Based on how often dentists tentatively, accusingly, or wryly ask "have you been flossing?", it seems fewer of us are fully committing to oral hygiene than we’d care to admit. Working a tough string through every gap individually doesn’t have the mass appeal that brushing does.
That might help explain how the $70 electronic Waterpik water flosser was able to reach the kind of online fame typically reserved for $12 clay masks that outperform $80 luxury options. Beyond helping those with braces or bonds, it makes flossing easier to do and the habit thereby easier to pick up. The company also offers studies that show it to be 51% more effective than dental floss for reducing gingivitis, two times as effective as dental floss at reducing gingival bleeding, and 29% more effective as dental floss at removing plaque. And it doesn’t hurt that it’s ADA-accepted.
But the water flosser didn’t solve all the inconveniences of flossing. For one thing, it is still a separate step from brushing, and the model takes up a lot of countertop space. Plus, it’s expensive at $70 upfront — though there is the argument that you’re saving money on future dentist bills.
In order to streamline the process further, Waterpik released the Waterpik Electric Toothbrush & Water Flosser Combo. In one device, Waterpik combined an electric toothbrush and a water flosser. You can use the water stream to floss without brushing or brush without the water stream, or you can combine them for a fast, effective session.

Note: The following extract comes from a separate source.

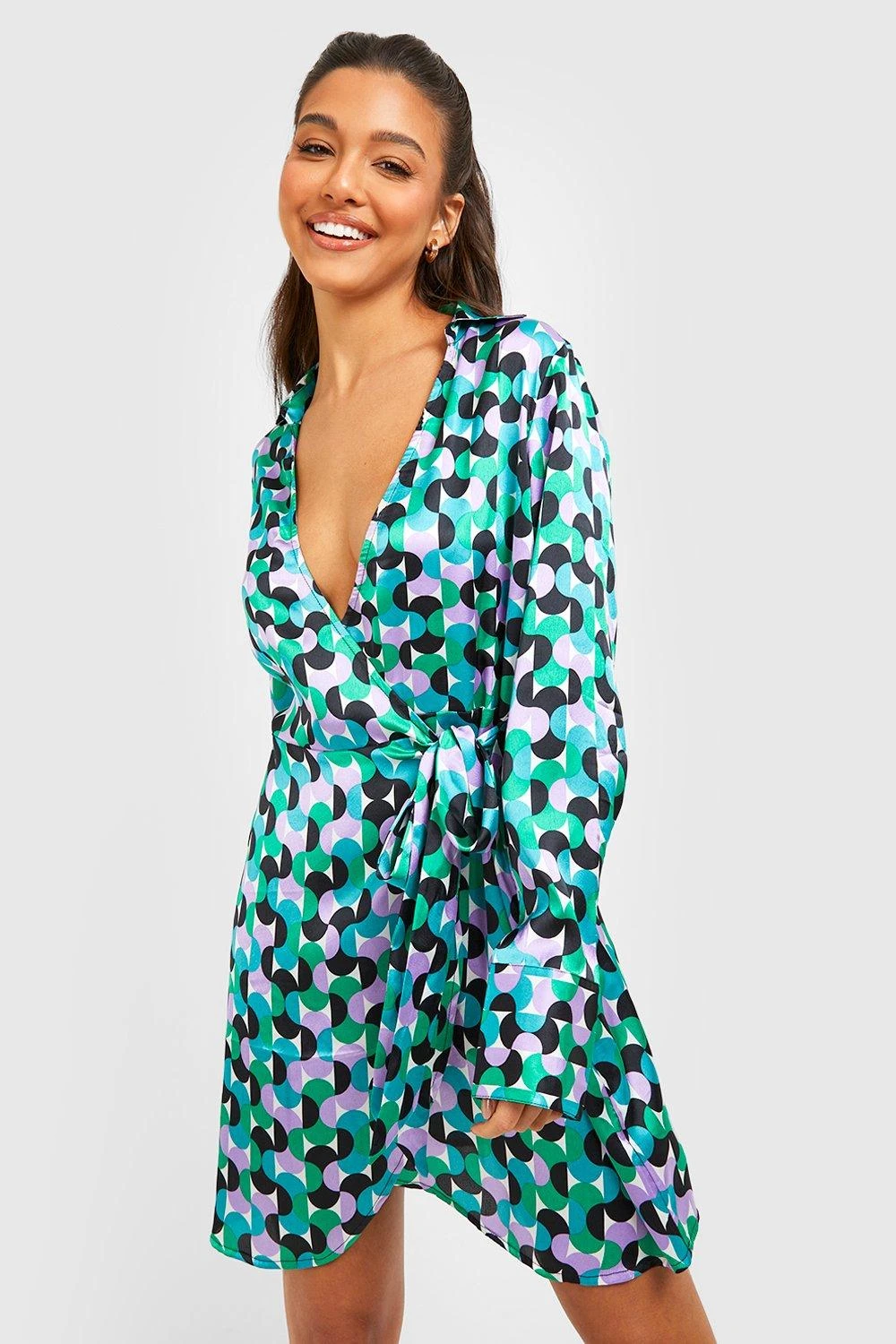 Vestito Camicia Con Motivi Geometrici E Cintura 3 Vestito Camicia Con Motivi Geometrici E Cintura - immagine 3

I reviewed the Waterpik Water Flosser ($69.99) in the past, and the company sent me the new Waterpik Electric Toothbrush & Water Flosser Combo ($169.99) to test as well.

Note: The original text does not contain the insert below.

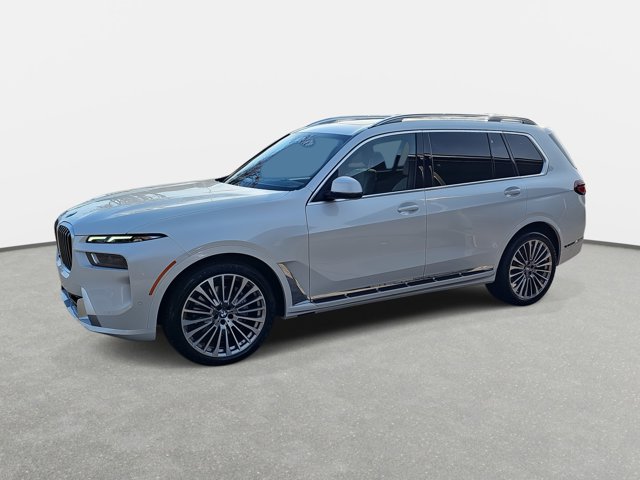 2023 BMW X7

The package comes with two brush heads, the electronic toothbrush, and the main machine with the water tank. Altogether, it takes under a minute to set up. After filling the water tank and plugging it in, I’d recommend facing the brush into the sink, turning the water pressure dial on a low setting, and pressing the floss button so the first slightly wonky stream goes into your sink and not in your mouth. After the first stream, you’re good to go.
You can use the brush as just a toothbrush or as a combined toothbrush and water flosser seamlessly. All you have to do is press the floss button on the toothbrush. If you want different water pressure, you can turn the dial higher or lower.
Like the original Waterpik water flosser, this combo model definitely gave me a more effective clean than just brushing my teeth when I also used the flossing setting. My mouth felt noticeably clean — the sort of lick-your-teeth sensation associated with just having braces removed. And it did improve my own consistency; I flossed every night and morning because it didn’t require any more effort or time. But the toothbrush head was soft and would be underwhelming to someone looking for traditional bristles. It’s not really a direct replacement for an electric toothbrush. If you’re looking for more vigorous and traditional brushing, I’d recommend picking up the cheaper original Waterpik Water Flosser and getting the Quip toothbrush or another electric toothbrush to fill the void.
It’s also important to note that it sounds like a muffled drill while it works, so you’ll probably want to use it before your partner goes to sleep if the walls are thin. And as with the original Waterpik Flosser, this new combo machine will take up a decent amount of countertop space — though it’s less than what’s required by separate machines, and this matters more in a small New York apartment than it does in the suburbs. But that means you probably won’t use it while traveling.
If you like a vigorous tooth-brushing experience, have the space, and you can trust yourself to be consistent with flossing even if it’s another step, then you’re probably better off saving $100 and getting the original Waterpik Water Flosser and a Quip ($40) or Oral-B Pro 1000 ($40). The brush head is very soft, and there are plenty of great electronic toothbrushes out there for less than $100.
If you don’t have space, need a soft brush head, and want to make flossing as convenient as possible, then this may be ideal for you.
No matter which one you choose, Waterpik water flossers are, in my experience, a great way to pick up the flossing habit and get a more effective, easier clean. If the combo isn’t a good match for you, I still suggest checking out the original.